EZchip packs 100 ARM cores into one networking chip

 

The Tile-Mx100. Source: EZchip

  • The industry's first detailed chip featuring 100, 64-bit ARM cores
  • The Tile-Mx devices will perform control plane processing and data plane processing
  • The 100-core chip will have 100 Gigabit Ethernet ports and support 200 Gigabit duplex traffic 

EZchip has detailed the industry's first 100-core processor. Dubbed the Tile-Mx100, the processor will be the most powerful of a family of devices aimed at such applications as software-defined networking (SDN), network function virtualisation (NFV), load-balancing and security. Other uses include video processing and application recognition, to identify applications riding over a carrier's network.

Known for its network processors, EZchip has branched out to also include general-purpose processors following its acquisition of multicore specialist, Tilera.
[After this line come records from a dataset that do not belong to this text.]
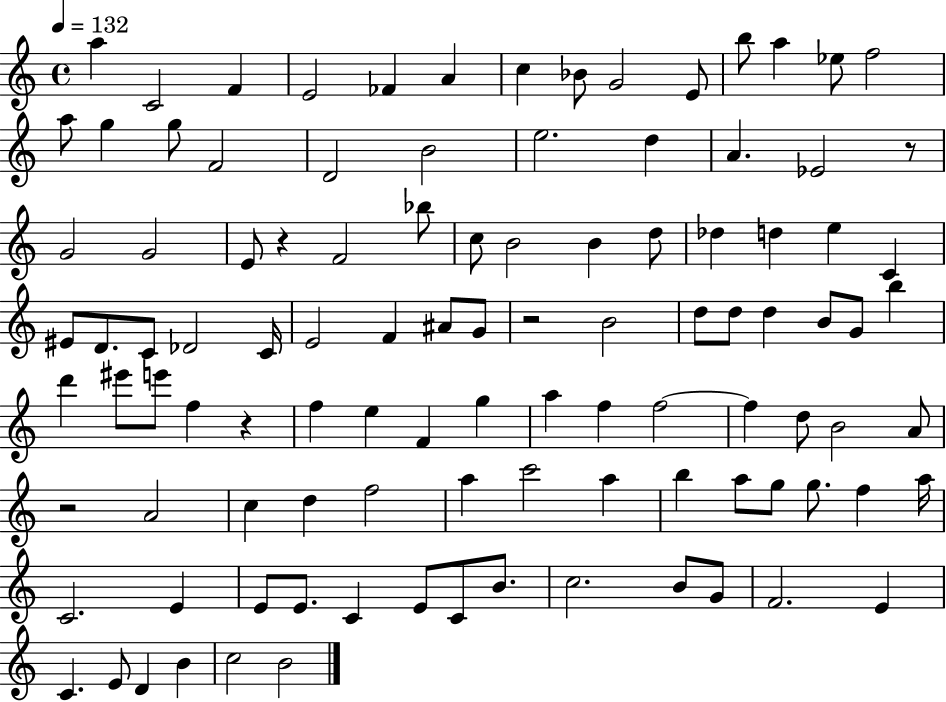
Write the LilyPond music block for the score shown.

{
  \clef treble
  \time 4/4
  \defaultTimeSignature
  \key c \major
  \tempo 4 = 132
  a''4 c'2 f'4 | e'2 fes'4 a'4 | c''4 bes'8 g'2 e'8 | b''8 a''4 ees''8 f''2 | \break a''8 g''4 g''8 f'2 | d'2 b'2 | e''2. d''4 | a'4. ees'2 r8 | \break g'2 g'2 | e'8 r4 f'2 bes''8 | c''8 b'2 b'4 d''8 | des''4 d''4 e''4 c'4 | \break eis'8 d'8. c'8 des'2 c'16 | e'2 f'4 ais'8 g'8 | r2 b'2 | d''8 d''8 d''4 b'8 g'8 b''4 | \break d'''4 eis'''8 e'''8 f''4 r4 | f''4 e''4 f'4 g''4 | a''4 f''4 f''2~~ | f''4 d''8 b'2 a'8 | \break r2 a'2 | c''4 d''4 f''2 | a''4 c'''2 a''4 | b''4 a''8 g''8 g''8. f''4 a''16 | \break c'2. e'4 | e'8 e'8. c'4 e'8 c'8 b'8. | c''2. b'8 g'8 | f'2. e'4 | \break c'4. e'8 d'4 b'4 | c''2 b'2 | \bar "|."
}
It now competes with such companies as Broadcom, Cavium and Intel.  

 

What's new about the EZchip Tile-Mx100 is that it is the first such processor with 100 cache-coherent programmable CPU cores and it is by far the largest 64-bit ARM processor yet announced

 

EZchip's NPS network processor is a custom IC designed to maximise packet-processing performance. The Tile-Mx also targets networking but using standard ARM cores. Engineers will benefit from open source software, third-party applications and ARM development tools. "We believe the market needs a standard, open architecture," says Amir Eyal, vice president of business development at EZchip.

"A multicore standard processor tailored for networking is nothing new; numerous such processors have been available for years from several vendors," says Tom Halfhill, senior analyst at The Linley Group. "What's new about the EZchip Tile-Mx100 is that it is the first such processor with 100 cache-coherent programmable CPU cores and it is by far the largest 64-bit ARM processor yet announced."

EZchip has detail three Tile-Mx devices, the most powerful being the Tile-Mx100 that uses 100, 64-bit ARM Cortex-A53 cores. The Cortex-A53 is newer and smaller than the Cortex-A57, and has a relatively low power consumption. Handset and tablet designs are also using the ARM Cortex-A53 core. Both the A53 and A57 cores use the ARMv8-A instruction set.

"We have taken the A53 in order to put more cores on the die," says Eyal. "The idea with networking applications is that the more packets you can process in parallel, the better." A chip hosting many, smaller cores helps meet this goal.

 

Tile-Mx architecture

The Tile-Mx100 device will process traffic at rates up to 200 Gigabit-per-second (Gbps) rates, or 200 Gbps duplex. In contrast, EZchip's NPS family of devices has a roadmap with a traffic processing performance of 400 Gbps to 800 Gbps duplex.

The Tile-Mx uses a two-level architecture. The 100 cores are partitioned into 25 processing clusters or tiles, each comprising four ARM cores that share network acceleration hardware and level-2 cache memory. Each tile also features router hardware, part of the chip's interconnect network that handles the tile's input/ output (I/O) requirements.

Source: EZchip

"The key technology for the Tile-Mx architecture is the interconnect that enables 100 CPUs to be connected in a coherent manner," says Jag Bolaria, principal analyst at The Linley Group.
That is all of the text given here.